Lalu selain aliran semantik generatif, aliran tata bahasa relasional yang
muncul sekitar tahun 1970-an dengan tokoh populer di antaranya adalah David M.
Perlmutter dan Paul M. Postal.[5]
Kajian ilmu linguistik di Indonesia serta asal muasal mengenai perbedaan kaum naturalis dan konvensional
Pada akhir abad ke-19
dan 20 penelitian bahasa-bahasa yang terdapat di Indonesia dilakukan oleh para
kolonialis demi kepentingan informasi. Penelitian bahasa pada zaman kolonial sifatnya
berupa observasi dan klasifikasi; belum bersifat ilmiah. Para tokoh yang
melakukan penelitian tersebut adalah Van der Tuuk yang menyusun Hukum Van der
Tuuk, dan selanjutnya diikuti oleh para tokoh sarjana belanda lainnya.

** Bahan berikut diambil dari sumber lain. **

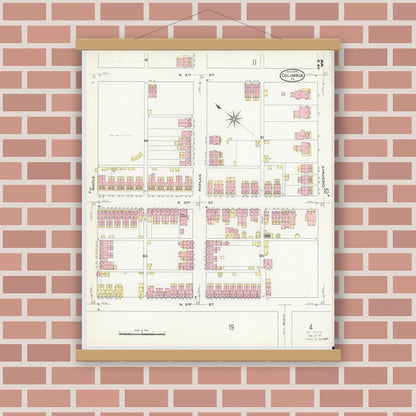 Old map wall art mockup — magnetic wood frame on brick wall — Sanborn Fire Insurance Map from Columbia, Lancaster County, Pennsylvania (1909), Sheet #0003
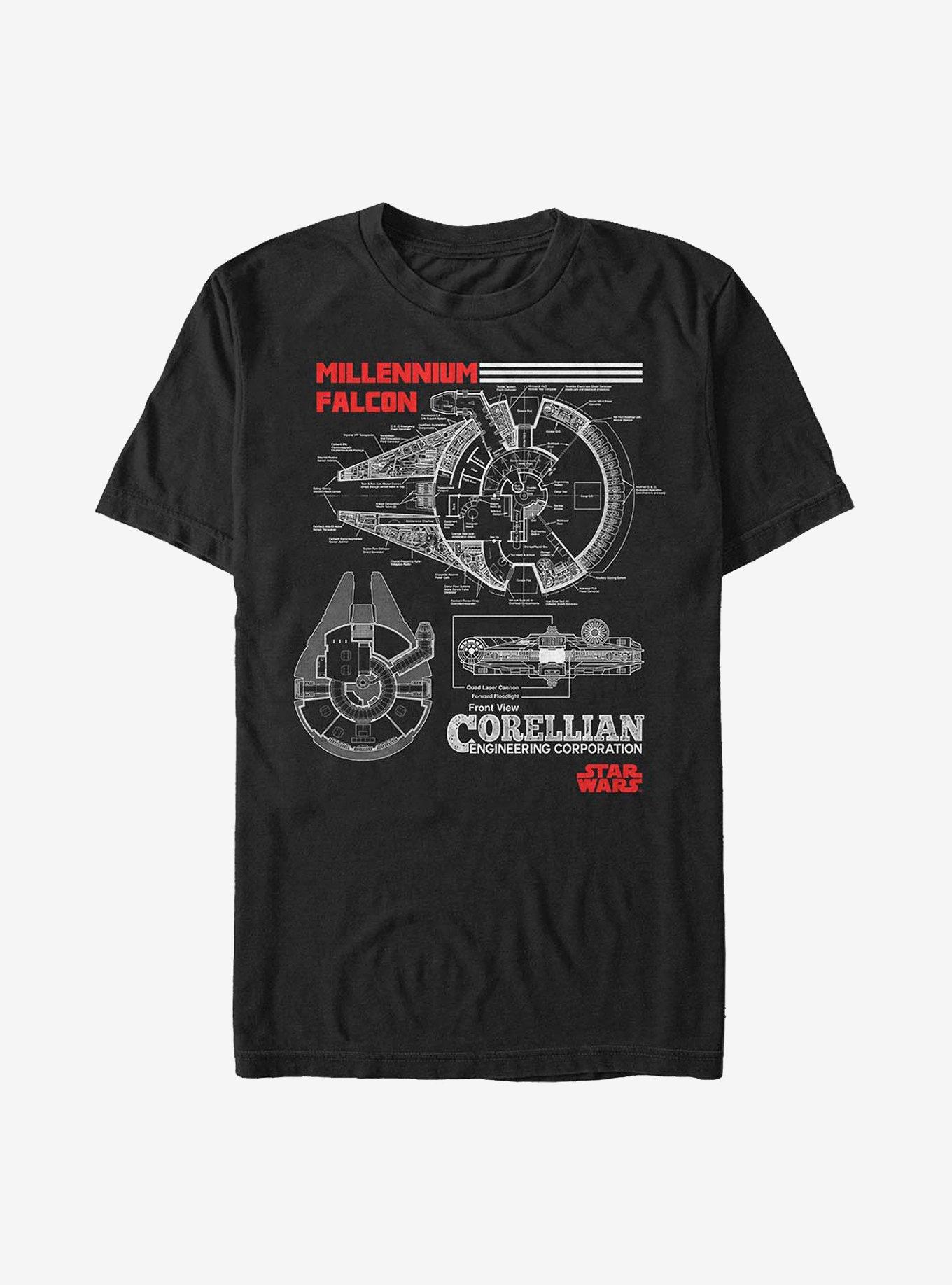 Star Wars Falcon Blueprints T-Shirt, , hi-res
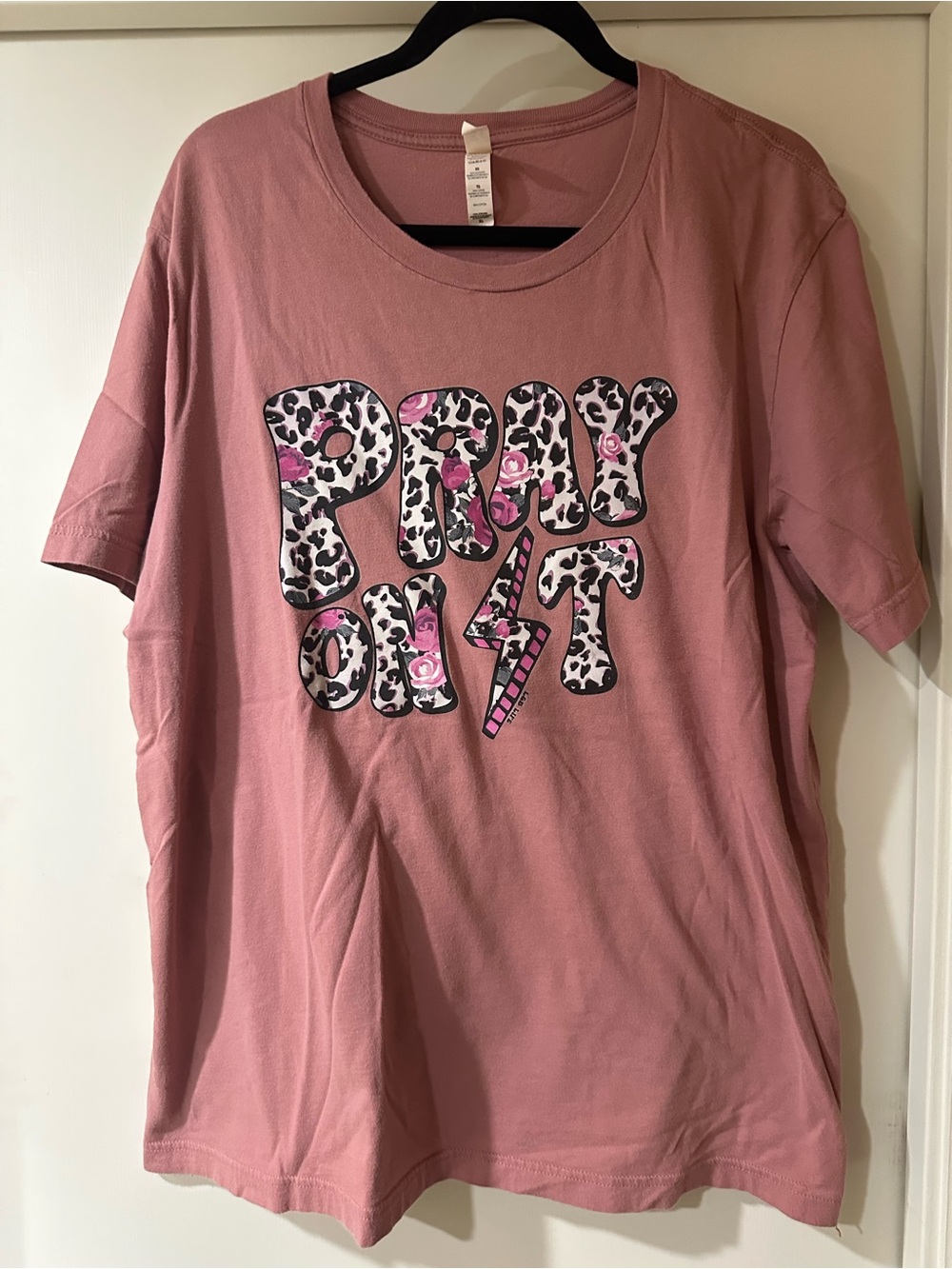 Bella Canvas Mauve Pink Graphic Tee with Leopard & Floral 'Pray On It’ Print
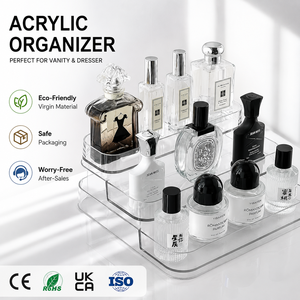 Support de présentation en acrylique transparent à trois niveaux pour parfums, cosmétiques et figurines d'<span class=keywords><strong>action</strong></span>, organisateur de bureau pour la coiffeuse de chambre - Product Image 1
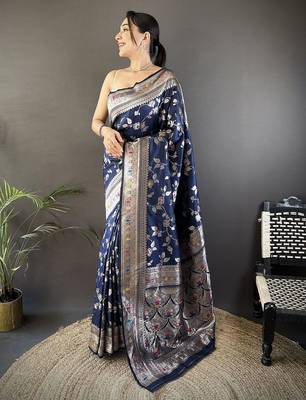 Navy blue ethnic motifs woven design zari banarasi saree with blouse piece 1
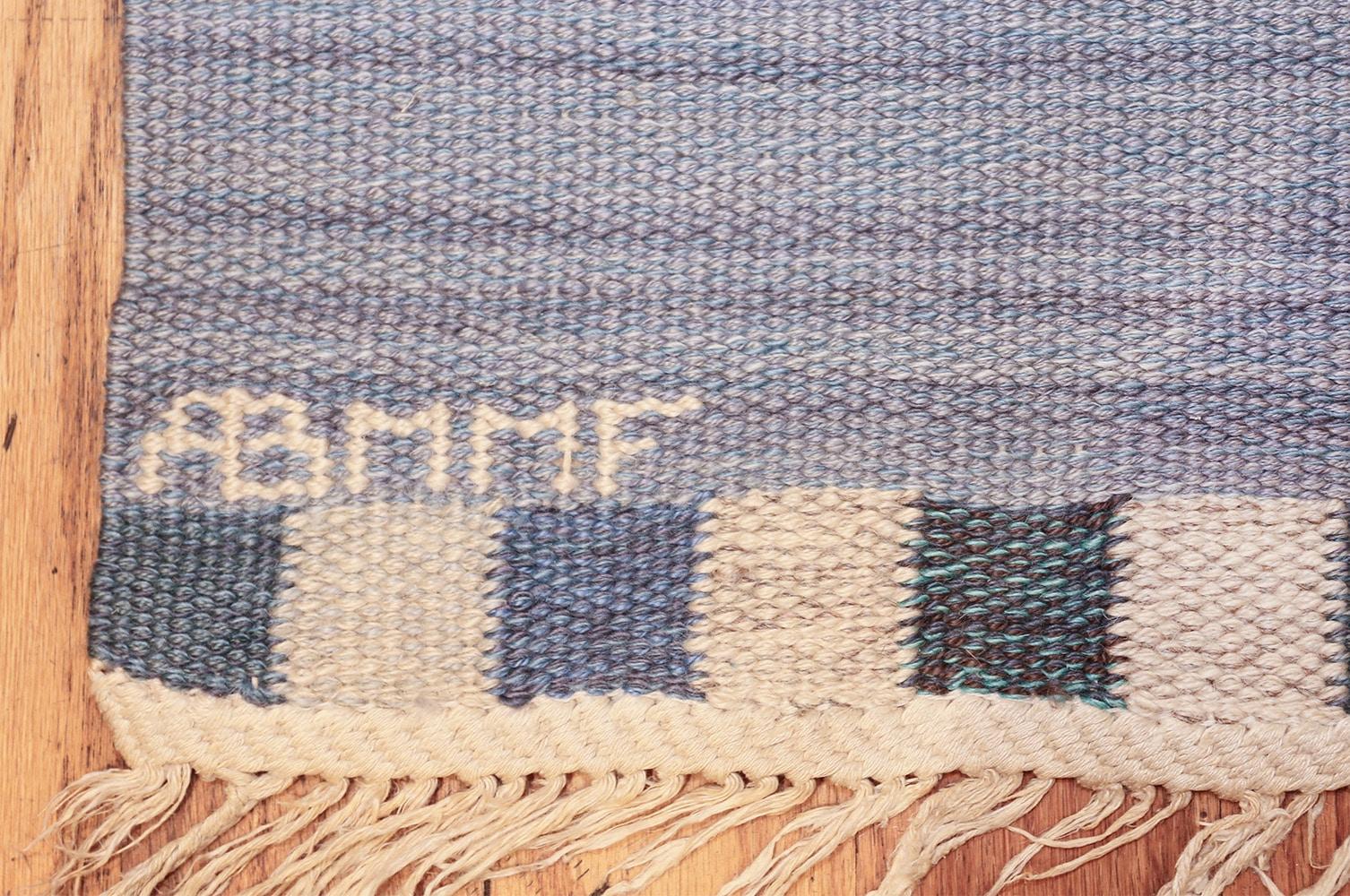 Hand-Woven Vintage Swedish Kilim by Marianne Richter for Marta Maas. Size: 7' 4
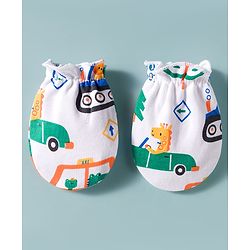 Babyhug 100% Cotton Interlock Knit Cap Mittens & Booties Set With Vehicle Print White - Diameter 14 cm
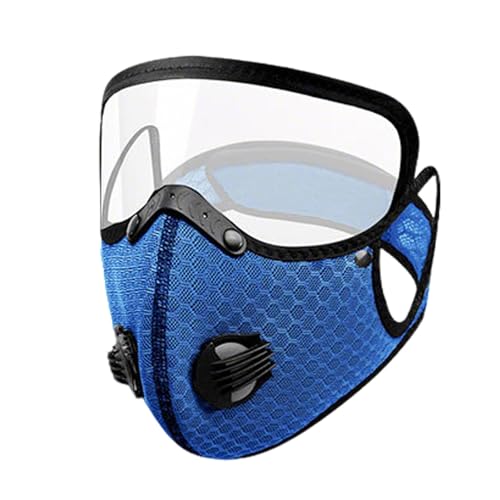 KISSOURBABY Dustproof Cycling Face Mask with Eye Shield Breathing Valve Reusable Mesh Cover for Commuting Mountain Biking Blue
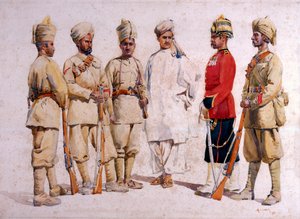 Soldaten van de 19e Punjabis Afridi van Tirah, illustratie voor 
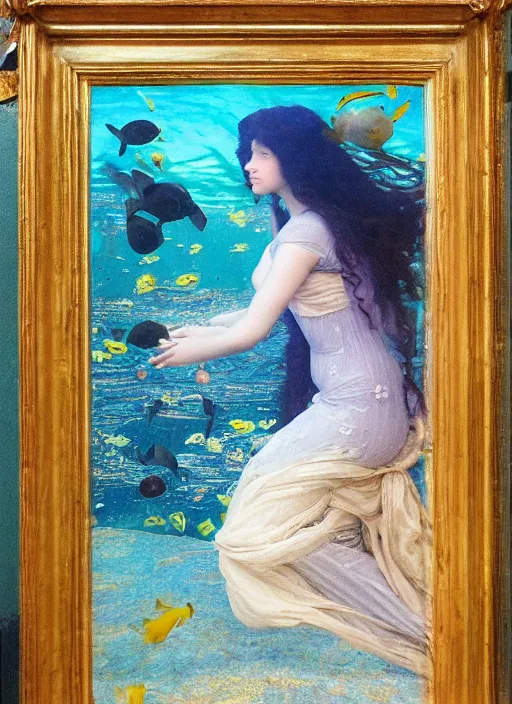 Image similar to under the sea preraphaelite colour photography, 8 k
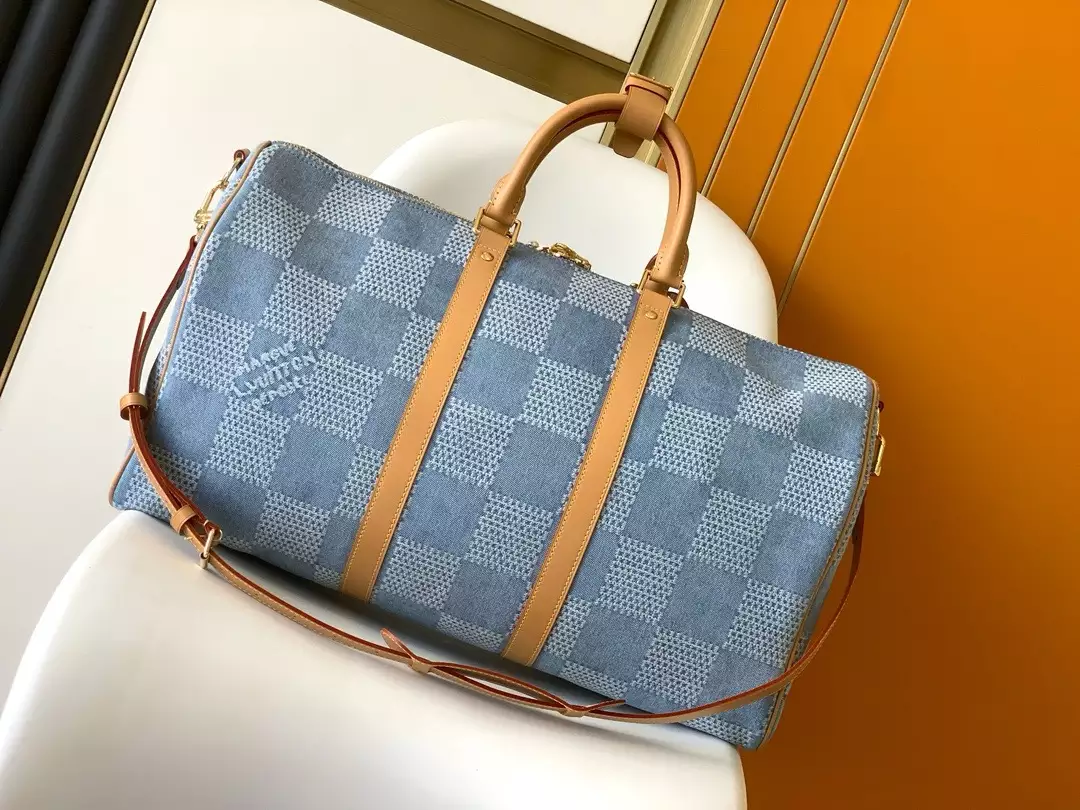 Keepall Bandoulière 50 Blue Damier Denim 3D Cotton Canvas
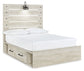 Cambeck Full Panel Bed with 4 Storage Drawers with Mirrored Dresser, Chest and 2 Nightstands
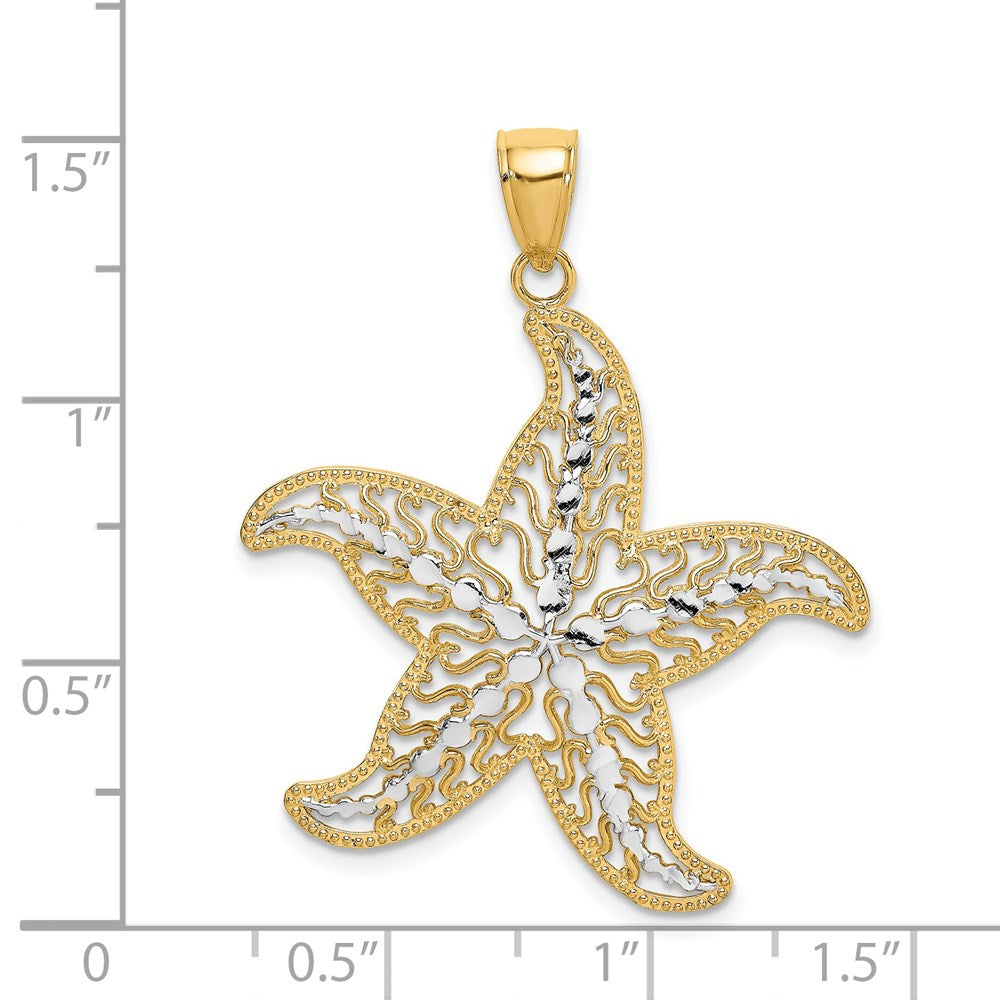 14k Yellow & Rhodium 30.9 mm Starfish Filigree Charm (2.38 grams)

Lalu, sekitar tahun 70 dan 80-an, proses penelitian pendeskripsian bahasa-bahasa
daerah di Indonesia dilanjutkan oleh para ahli bahasa di Indonesia yang
dilakukan di Pusat Pembinaan dan Pengembangan Bahasa (Pusat Bahasa).
Pengaruh linguistik modern yang dibawa oleh Ferdinand de Saussure dan Noam
Chomsky pun sampai ke Indonesia meskipun berbenturan dengan paham lama
linguistik tradisional masyarakat Indonesia. Para tokoh linguistik Indonesia di
antaranya adalah A.M. Moeliono, Harimurti Kridalaksana, Gorys Keraf, dan lain-lain.
Dalam sejarah ilmu linguistik bahasa memiliki makna dan
Adapun perbedaan maksud antara kaum naturalis dan konvensional dapat dilihat dari perbedaan maknanya Dalam bidang semantik, kelompok yang menganut paham fisis, disebut kaum naturalis, berpendapat bahwa setiap kata mempunyai hubungan dengan benda yang ditunjuknya. Dengan kata lain, setiap kata mempunyai makna secara alami, secara fisis, misalnya kata-kata yang disebut onomatope. Adapun konvensional Artinya, penggunaan lambang bunyi untuk suatu konsep tertentu berdasarkan kesepakatan antara masyarakat pemakai bahasa. Sebagai contoh, sebuah bangunan yang berfungsi sebagai tempat tinggal yang secara arbitrer [manasuka] dilambangkan dengan bunyi [rumah].